> **Exercise prompt**
In the listing that follows, print every line exactly and leave the images out.

> **Source material**
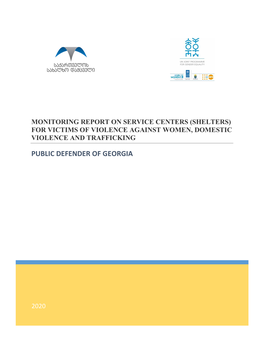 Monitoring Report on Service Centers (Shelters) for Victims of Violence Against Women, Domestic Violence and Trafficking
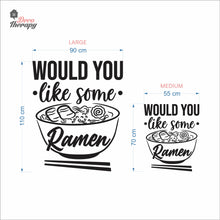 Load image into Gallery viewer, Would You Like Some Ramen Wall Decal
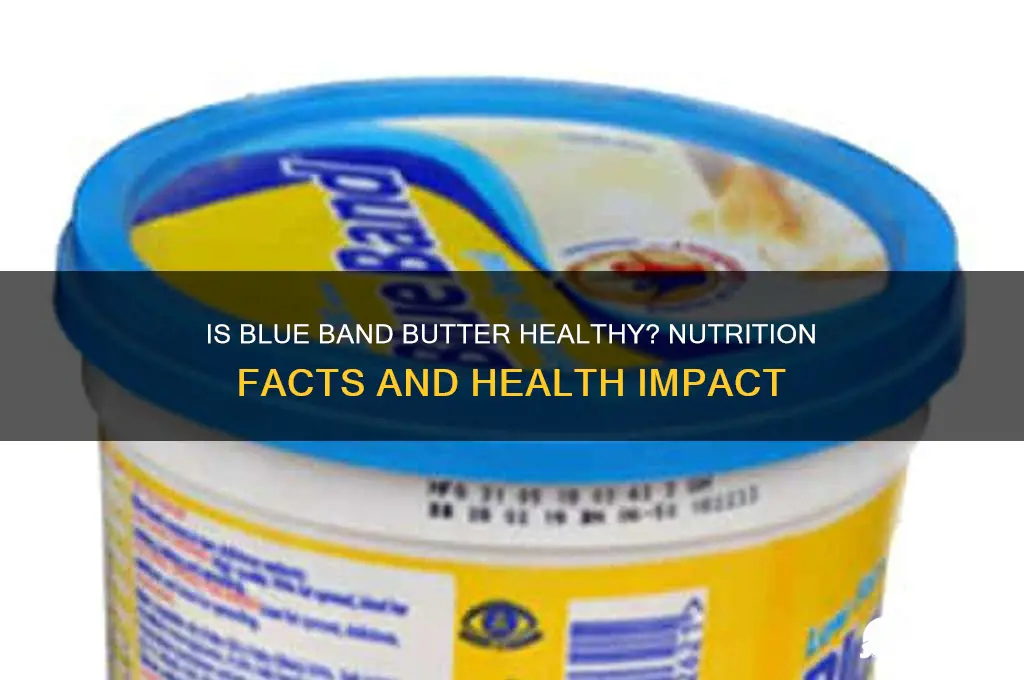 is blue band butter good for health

> **Result of the exercise**
 Monitoring Report on Service Centers (Shelters) for Victims of Violence Against Women, Domestic Violence and Trafficking
 Load image into Gallery viewer, Would You Like Some Ramen Wall Decal
 is blue band butter good for health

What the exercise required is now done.